AIM OF THE TASK: Print all the data below exactly, without images.

INFORMATION SHOWN:
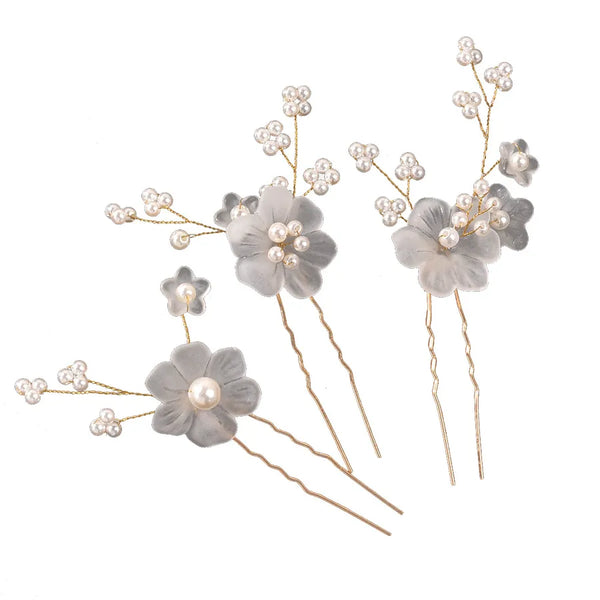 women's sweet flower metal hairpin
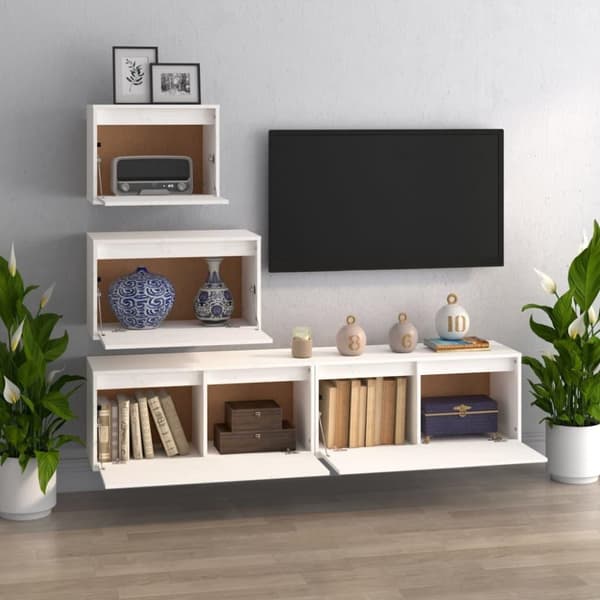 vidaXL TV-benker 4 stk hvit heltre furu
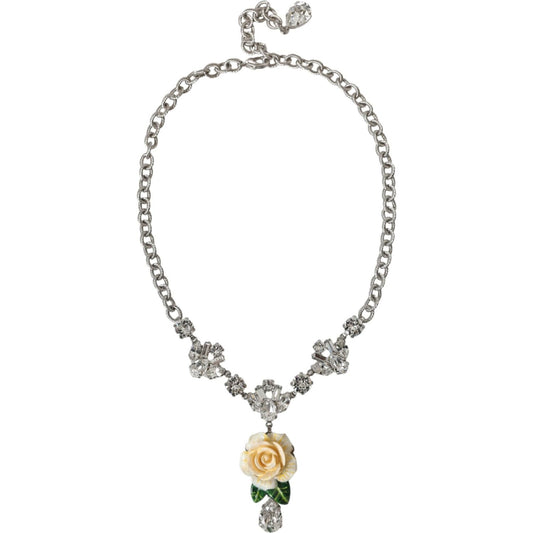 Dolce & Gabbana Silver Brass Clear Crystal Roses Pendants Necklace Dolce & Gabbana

SOLUTION FOR THIS EXERCISE:
 women's sweet flower metal hairpin
 vidaXL TV-benker 4 stk hvit heltre furu
 Dolce & Gabbana Silver Brass Clear Crystal Roses Pendants Necklace Dolce & Gabbana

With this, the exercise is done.